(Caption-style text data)
__________
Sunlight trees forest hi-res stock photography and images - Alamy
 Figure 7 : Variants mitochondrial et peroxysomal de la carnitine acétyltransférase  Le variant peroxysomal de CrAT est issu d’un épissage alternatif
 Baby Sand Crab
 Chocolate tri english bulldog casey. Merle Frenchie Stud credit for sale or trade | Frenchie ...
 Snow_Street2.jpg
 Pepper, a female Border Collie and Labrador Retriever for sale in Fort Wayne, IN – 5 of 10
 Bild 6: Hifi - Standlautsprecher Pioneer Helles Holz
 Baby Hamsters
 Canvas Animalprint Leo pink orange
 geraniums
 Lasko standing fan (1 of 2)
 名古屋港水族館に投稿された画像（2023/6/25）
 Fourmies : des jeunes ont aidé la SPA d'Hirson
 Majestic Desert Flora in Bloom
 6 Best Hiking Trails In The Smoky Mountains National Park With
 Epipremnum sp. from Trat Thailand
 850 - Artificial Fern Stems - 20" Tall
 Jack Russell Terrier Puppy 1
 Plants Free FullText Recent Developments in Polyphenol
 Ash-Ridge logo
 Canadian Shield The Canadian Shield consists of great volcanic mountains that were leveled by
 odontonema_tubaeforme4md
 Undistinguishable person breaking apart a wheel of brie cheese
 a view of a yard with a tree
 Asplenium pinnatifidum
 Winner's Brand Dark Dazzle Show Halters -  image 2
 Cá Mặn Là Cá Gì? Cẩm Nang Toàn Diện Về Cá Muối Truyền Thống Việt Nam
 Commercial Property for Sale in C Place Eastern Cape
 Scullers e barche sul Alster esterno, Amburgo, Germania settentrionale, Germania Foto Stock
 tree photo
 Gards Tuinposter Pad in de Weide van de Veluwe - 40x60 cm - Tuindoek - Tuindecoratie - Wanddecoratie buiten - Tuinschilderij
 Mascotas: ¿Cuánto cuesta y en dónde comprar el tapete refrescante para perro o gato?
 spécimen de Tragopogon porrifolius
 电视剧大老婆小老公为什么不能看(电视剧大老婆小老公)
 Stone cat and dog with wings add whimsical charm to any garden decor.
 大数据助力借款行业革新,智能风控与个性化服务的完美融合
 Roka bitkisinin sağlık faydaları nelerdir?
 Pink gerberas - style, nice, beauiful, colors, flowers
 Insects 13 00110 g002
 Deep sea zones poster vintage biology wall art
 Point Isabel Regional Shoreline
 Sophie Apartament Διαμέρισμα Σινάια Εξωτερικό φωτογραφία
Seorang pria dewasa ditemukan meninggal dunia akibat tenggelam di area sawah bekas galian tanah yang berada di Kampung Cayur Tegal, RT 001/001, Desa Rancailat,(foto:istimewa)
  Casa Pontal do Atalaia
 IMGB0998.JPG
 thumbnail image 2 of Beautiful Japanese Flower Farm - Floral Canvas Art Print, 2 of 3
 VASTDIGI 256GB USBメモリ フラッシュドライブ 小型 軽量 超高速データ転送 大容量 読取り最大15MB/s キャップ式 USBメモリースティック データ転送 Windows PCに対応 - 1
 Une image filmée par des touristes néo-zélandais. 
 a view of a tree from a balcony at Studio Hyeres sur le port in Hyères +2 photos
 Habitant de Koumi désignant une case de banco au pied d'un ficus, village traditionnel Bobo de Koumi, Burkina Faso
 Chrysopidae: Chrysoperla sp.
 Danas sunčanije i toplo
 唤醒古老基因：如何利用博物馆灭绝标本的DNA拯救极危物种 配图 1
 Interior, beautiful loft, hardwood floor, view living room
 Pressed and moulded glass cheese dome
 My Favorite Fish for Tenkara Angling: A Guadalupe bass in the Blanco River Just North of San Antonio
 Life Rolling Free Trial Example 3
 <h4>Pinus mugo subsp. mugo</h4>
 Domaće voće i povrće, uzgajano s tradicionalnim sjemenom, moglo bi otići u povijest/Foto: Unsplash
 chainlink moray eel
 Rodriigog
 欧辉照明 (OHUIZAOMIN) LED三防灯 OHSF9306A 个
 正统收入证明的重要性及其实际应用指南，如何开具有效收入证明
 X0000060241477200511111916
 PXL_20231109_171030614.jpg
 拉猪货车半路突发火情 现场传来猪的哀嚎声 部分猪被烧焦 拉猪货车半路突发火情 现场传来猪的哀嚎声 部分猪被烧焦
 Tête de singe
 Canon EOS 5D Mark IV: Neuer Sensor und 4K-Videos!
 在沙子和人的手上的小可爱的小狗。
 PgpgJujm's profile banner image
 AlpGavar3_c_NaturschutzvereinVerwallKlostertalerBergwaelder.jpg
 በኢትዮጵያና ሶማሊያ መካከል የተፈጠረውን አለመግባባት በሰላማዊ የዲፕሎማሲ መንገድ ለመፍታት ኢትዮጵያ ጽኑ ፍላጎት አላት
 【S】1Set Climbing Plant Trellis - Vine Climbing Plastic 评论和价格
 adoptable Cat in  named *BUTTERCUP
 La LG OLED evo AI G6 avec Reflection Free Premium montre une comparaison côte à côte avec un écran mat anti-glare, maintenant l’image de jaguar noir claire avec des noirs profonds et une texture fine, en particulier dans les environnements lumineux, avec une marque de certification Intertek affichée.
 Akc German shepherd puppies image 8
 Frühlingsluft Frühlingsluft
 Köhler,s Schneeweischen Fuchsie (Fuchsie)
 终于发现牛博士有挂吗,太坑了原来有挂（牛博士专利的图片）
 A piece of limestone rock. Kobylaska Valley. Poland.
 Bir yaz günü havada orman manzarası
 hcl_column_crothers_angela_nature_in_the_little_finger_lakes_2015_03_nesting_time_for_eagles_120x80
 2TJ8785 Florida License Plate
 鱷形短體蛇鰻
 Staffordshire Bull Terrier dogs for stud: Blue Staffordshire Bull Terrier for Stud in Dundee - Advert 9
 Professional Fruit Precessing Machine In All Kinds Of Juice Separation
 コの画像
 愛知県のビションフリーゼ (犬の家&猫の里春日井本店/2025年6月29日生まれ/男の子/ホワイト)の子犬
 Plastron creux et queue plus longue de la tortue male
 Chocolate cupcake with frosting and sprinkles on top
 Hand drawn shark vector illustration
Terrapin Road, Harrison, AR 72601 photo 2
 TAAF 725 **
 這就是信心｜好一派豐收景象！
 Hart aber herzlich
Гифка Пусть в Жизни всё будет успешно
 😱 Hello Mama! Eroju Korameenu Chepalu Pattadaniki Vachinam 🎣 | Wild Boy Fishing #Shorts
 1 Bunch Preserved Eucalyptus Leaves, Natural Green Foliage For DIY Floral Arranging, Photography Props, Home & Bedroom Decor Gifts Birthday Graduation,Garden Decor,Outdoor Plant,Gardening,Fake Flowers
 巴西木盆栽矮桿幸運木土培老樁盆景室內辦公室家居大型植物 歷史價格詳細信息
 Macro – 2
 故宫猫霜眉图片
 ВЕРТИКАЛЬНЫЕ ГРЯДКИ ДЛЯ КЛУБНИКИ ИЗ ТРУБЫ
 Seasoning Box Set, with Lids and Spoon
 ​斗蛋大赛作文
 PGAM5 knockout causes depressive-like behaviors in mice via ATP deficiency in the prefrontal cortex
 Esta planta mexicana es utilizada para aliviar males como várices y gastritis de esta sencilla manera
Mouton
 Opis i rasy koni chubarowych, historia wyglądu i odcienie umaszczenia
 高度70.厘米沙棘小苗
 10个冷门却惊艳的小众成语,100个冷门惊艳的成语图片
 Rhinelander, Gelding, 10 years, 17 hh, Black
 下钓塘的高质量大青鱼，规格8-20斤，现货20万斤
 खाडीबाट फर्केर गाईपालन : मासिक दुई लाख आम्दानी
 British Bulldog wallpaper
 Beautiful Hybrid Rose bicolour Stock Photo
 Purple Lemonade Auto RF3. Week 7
__________
• **WHAT YOU SHOULD DO**: Every line of the data must be written out again word for word.

• **REPLY**:
Sunlight trees forest hi-res stock photography and images - Alamy
 Figure 7 : Variants mitochondrial et peroxysomal de la carnitine acétyltransférase  Le variant peroxysomal de CrAT est issu d’un épissage alternatif
 Baby Sand Crab
 Chocolate tri english bulldog casey. Merle Frenchie Stud credit for sale or trade | Frenchie ...
 Snow_Street2.jpg
 Pepper, a female Border Collie and Labrador Retriever for sale in Fort Wayne, IN – 5 of 10
 Bild 6: Hifi - Standlautsprecher Pioneer Helles Holz
 Baby Hamsters
 Canvas Animalprint Leo pink orange
 geraniums
 Lasko standing fan (1 of 2)
 名古屋港水族館に投稿された画像（2023/6/25）
 Fourmies : des jeunes ont aidé la SPA d'Hirson
 Majestic Desert Flora in Bloom
 6 Best Hiking Trails In The Smoky Mountains National Park With
 Epipremnum sp. from Trat Thailand
 850 - Artificial Fern Stems - 20" Tall
 Jack Russell Terrier Puppy 1
 Plants Free FullText Recent Developments in Polyphenol
 Ash-Ridge logo
 Canadian Shield The Canadian Shield consists of great volcanic mountains that were leveled by
 odontonema_tubaeforme4md
 Undistinguishable person breaking apart a wheel of brie cheese
 a view of a yard with a tree
 Asplenium pinnatifidum
 Winner's Brand Dark Dazzle Show Halters -  image 2
 Cá Mặn Là Cá Gì? Cẩm Nang Toàn Diện Về Cá Muối Truyền Thống Việt Nam
 Commercial Property for Sale in C Place Eastern Cape
 Scullers e barche sul Alster esterno, Amburgo, Germania settentrionale, Germania Foto Stock
 tree photo
 Gards Tuinposter Pad in de Weide van de Veluwe - 40x60 cm - Tuindoek - Tuindecoratie - Wanddecoratie buiten - Tuinschilderij
 Mascotas: ¿Cuánto cuesta y en dónde comprar el tapete refrescante para perro o gato?
 spécimen de Tragopogon porrifolius
 电视剧大老婆小老公为什么不能看(电视剧大老婆小老公)
 Stone cat and dog with wings add whimsical charm to any garden decor.
 大数据助力借款行业革新,智能风控与个性化服务的完美融合
 Roka bitkisinin sağlık faydaları nelerdir?
 Pink gerberas - style, nice, beauiful, colors, flowers
 Insects 13 00110 g002
 Deep sea zones poster vintage biology wall art
 Point Isabel Regional Shoreline
 Sophie Apartament Διαμέρισμα Σινάια Εξωτερικό φωτογραφία
Seorang pria dewasa ditemukan meninggal dunia akibat tenggelam di area sawah bekas galian tanah yang berada di Kampung Cayur Tegal, RT 001/001, Desa Rancailat,(foto:istimewa)
  Casa Pontal do Atalaia
 IMGB0998.JPG
 thumbnail image 2 of Beautiful Japanese Flower Farm - Floral Canvas Art Print, 2 of 3
 VASTDIGI 256GB USBメモリ フラッシュドライブ 小型 軽量 超高速データ転送 大容量 読取り最大15MB/s キャップ式 USBメモリースティック データ転送 Windows PCに対応 - 1
 Une image filmée par des touristes néo-zélandais. 
 a view of a tree from a balcony at Studio Hyeres sur le port in Hyères +2 photos
 Habitant de Koumi désignant une case de banco au pied d'un ficus, village traditionnel Bobo de Koumi, Burkina Faso
 Chrysopidae: Chrysoperla sp.
 Danas sunčanije i toplo
 唤醒古老基因：如何利用博物馆灭绝标本的DNA拯救极危物种 配图 1
 Interior, beautiful loft, hardwood floor, view living room
 Pressed and moulded glass cheese dome
 My Favorite Fish for Tenkara Angling: A Guadalupe bass in the Blanco River Just North of San Antonio
 Life Rolling Free Trial Example 3
 <h4>Pinus mugo subsp. mugo</h4>
 Domaće voće i povrće, uzgajano s tradicionalnim sjemenom, moglo bi otići u povijest/Foto: Unsplash
 chainlink moray eel
 Rodriigog
 欧辉照明 (OHUIZAOMIN) LED三防灯 OHSF9306A 个
 正统收入证明的重要性及其实际应用指南，如何开具有效收入证明
 X0000060241477200511111916
 PXL_20231109_171030614.jpg
 拉猪货车半路突发火情 现场传来猪的哀嚎声 部分猪被烧焦 拉猪货车半路突发火情 现场传来猪的哀嚎声 部分猪被烧焦
 Tête de singe
 Canon EOS 5D Mark IV: Neuer Sensor und 4K-Videos!
 在沙子和人的手上的小可爱的小狗。
 PgpgJujm's profile banner image
 AlpGavar3_c_NaturschutzvereinVerwallKlostertalerBergwaelder.jpg
 በኢትዮጵያና ሶማሊያ መካከል የተፈጠረውን አለመግባባት በሰላማዊ የዲፕሎማሲ መንገድ ለመፍታት ኢትዮጵያ ጽኑ ፍላጎት አላት
 【S】1Set Climbing Plant Trellis - Vine Climbing Plastic 评论和价格
 adoptable Cat in  named *BUTTERCUP
 La LG OLED evo AI G6 avec Reflection Free Premium montre une comparaison côte à côte avec un écran mat anti-glare, maintenant l’image de jaguar noir claire avec des noirs profonds et une texture fine, en particulier dans les environnements lumineux, avec une marque de certification Intertek affichée.
 Akc German shepherd puppies image 8
 Frühlingsluft Frühlingsluft
 Köhler,s Schneeweischen Fuchsie (Fuchsie)
 终于发现牛博士有挂吗,太坑了原来有挂（牛博士专利的图片）
 A piece of limestone rock. Kobylaska Valley. Poland.
 Bir yaz günü havada orman manzarası
 hcl_column_crothers_angela_nature_in_the_little_finger_lakes_2015_03_nesting_time_for_eagles_120x80
 2TJ8785 Florida License Plate
 鱷形短體蛇鰻
 Staffordshire Bull Terrier dogs for stud: Blue Staffordshire Bull Terrier for Stud in Dundee - Advert 9
 Professional Fruit Precessing Machine In All Kinds Of Juice Separation
 コの画像
 愛知県のビションフリーゼ (犬の家&猫の里春日井本店/2025年6月29日生まれ/男の子/ホワイト)の子犬
 Plastron creux et queue plus longue de la tortue male
 Chocolate cupcake with frosting and sprinkles on top
 Hand drawn shark vector illustration
Terrapin Road, Harrison, AR 72601 photo 2
 TAAF 725 **
 這就是信心｜好一派豐收景象！
 Hart aber herzlich
Гифка Пусть в Жизни всё будет успешно
 😱 Hello Mama! Eroju Korameenu Chepalu Pattadaniki Vachinam 🎣 | Wild Boy Fishing #Shorts
 1 Bunch Preserved Eucalyptus Leaves, Natural Green Foliage For DIY Floral Arranging, Photography Props, Home & Bedroom Decor Gifts Birthday Graduation,Garden Decor,Outdoor Plant,Gardening,Fake Flowers
 巴西木盆栽矮桿幸運木土培老樁盆景室內辦公室家居大型植物 歷史價格詳細信息
 Macro – 2
 故宫猫霜眉图片
 ВЕРТИКАЛЬНЫЕ ГРЯДКИ ДЛЯ КЛУБНИКИ ИЗ ТРУБЫ
 Seasoning Box Set, with Lids and Spoon
 ​斗蛋大赛作文
 PGAM5 knockout causes depressive-like behaviors in mice via ATP deficiency in the prefrontal cortex
 Esta planta mexicana es utilizada para aliviar males como várices y gastritis de esta sencilla manera
Mouton
 Opis i rasy koni chubarowych, historia wyglądu i odcienie umaszczenia
 高度70.厘米沙棘小苗
 10个冷门却惊艳的小众成语,100个冷门惊艳的成语图片
 Rhinelander, Gelding, 10 years, 17 hh, Black
 下钓塘的高质量大青鱼，规格8-20斤，现货20万斤
 खाडीबाट फर्केर गाईपालन : मासिक दुई लाख आम्दानी
 British Bulldog wallpaper
 Beautiful Hybrid Rose bicolour Stock Photo
 Purple Lemonade Auto RF3. Week 7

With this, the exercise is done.